▸ What the task requires: Each record must be returned exactly, apart from the pictures, which stay out.

= = = = = = =

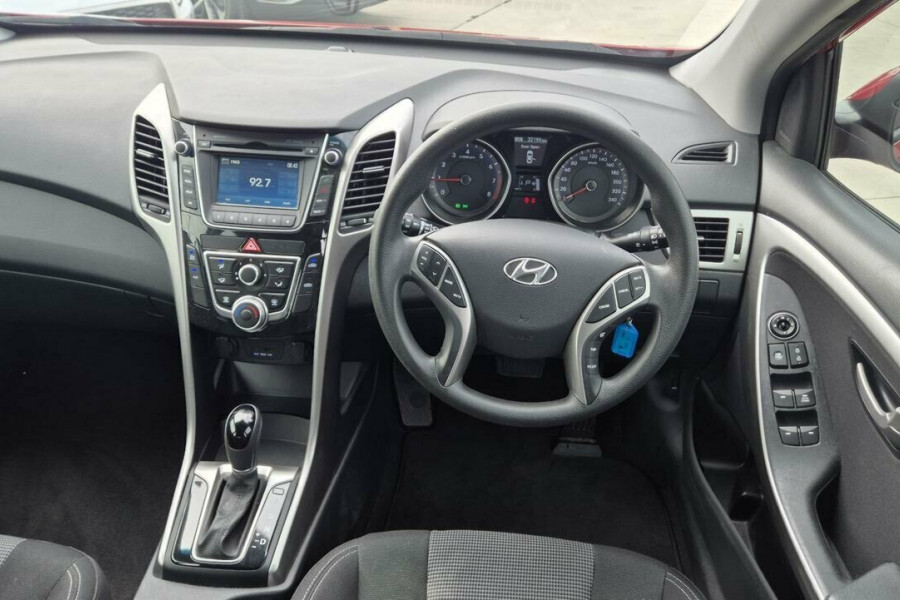 2013 Hyundai i30 GD2 Active Hatch Image 11
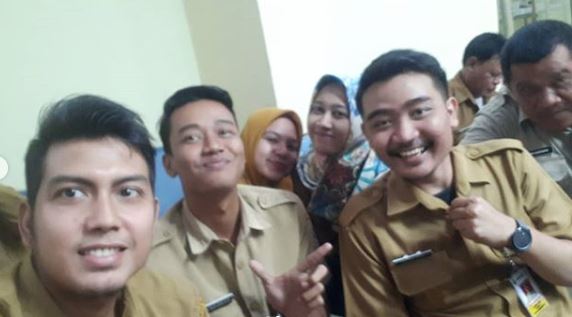 10 Potret terbaru Mumu satpam teman dekat mendiang Julia Perez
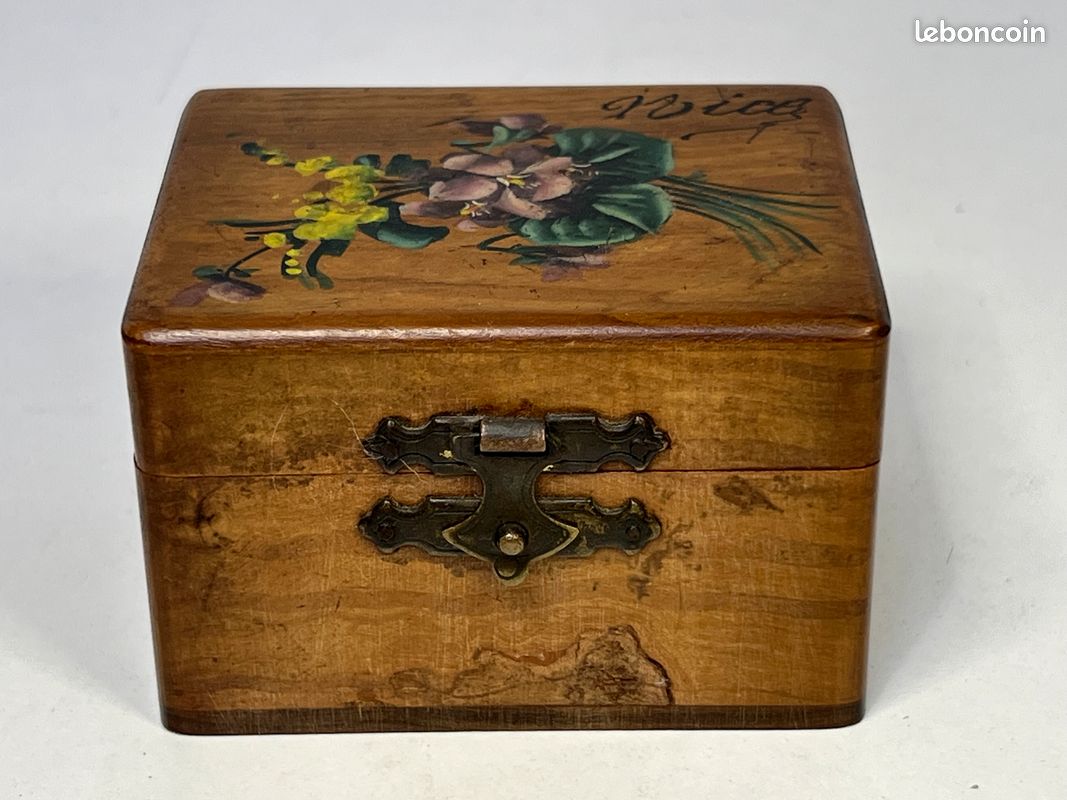 BOITE À BIJOUX EN BOIS D'OLIVIER SOUVENIR DE NICE CAPITONNÉE XIXème (image 3)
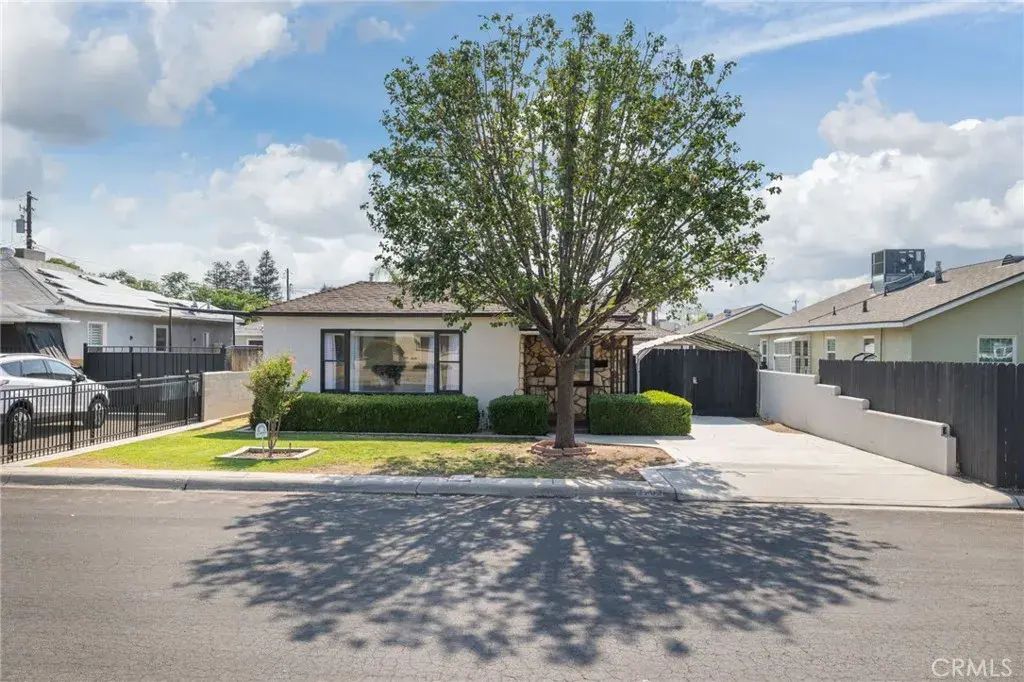 2702 Worthington Avenue, Bakersfield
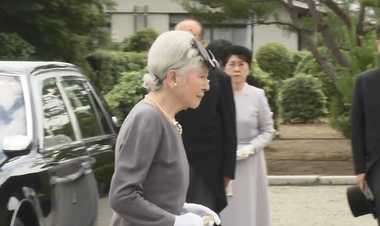 上皇ご夫妻退位報告の旅 美智子さま手すりにつかまり階段を…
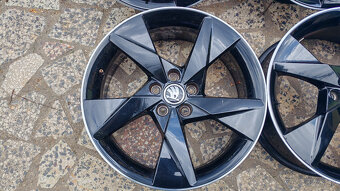 5x100 R17 --- ŠKODA KAMIQ , SCALA - 5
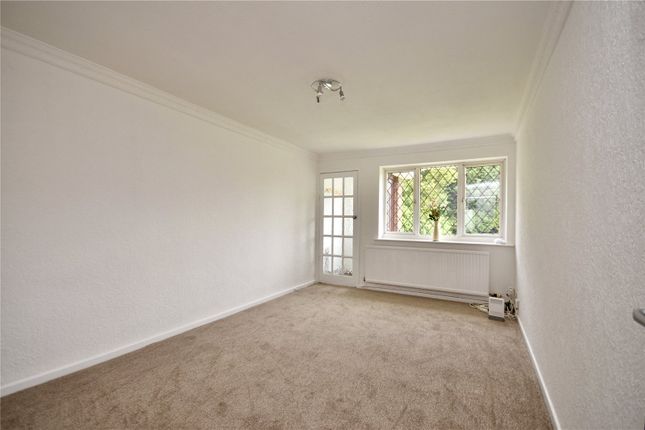 3, Fardale, Oldham photo 4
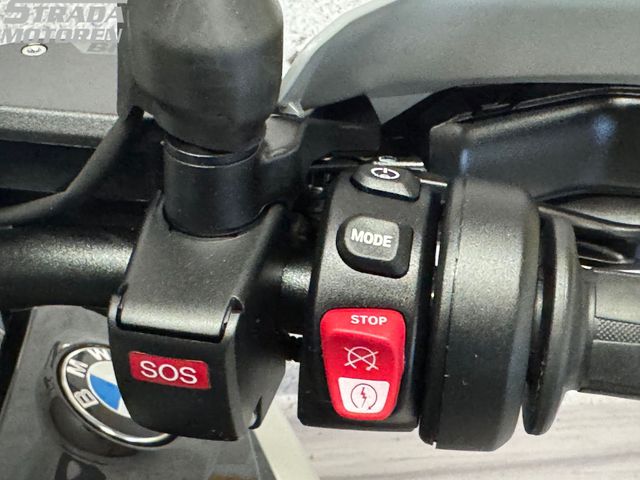 bmw - r-1300-gs-triple-black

= = = = = = =

▸ Written response:
 2013 Hyundai i30 GD2 Active Hatch Image 11
 10 Potret terbaru Mumu satpam teman dekat mendiang Julia Perez
 BOITE À BIJOUX EN BOIS D'OLIVIER SOUVENIR DE NICE CAPITONNÉE XIXème (image 3)
 2702 Worthington Avenue, Bakersfield
 上皇ご夫妻退位報告の旅 美智子さま手すりにつかまり階段を…
 5x100 R17 --- ŠKODA KAMIQ , SCALA - 5
 3, Fardale, Oldham photo 4
 bmw - r-1300-gs-triple-black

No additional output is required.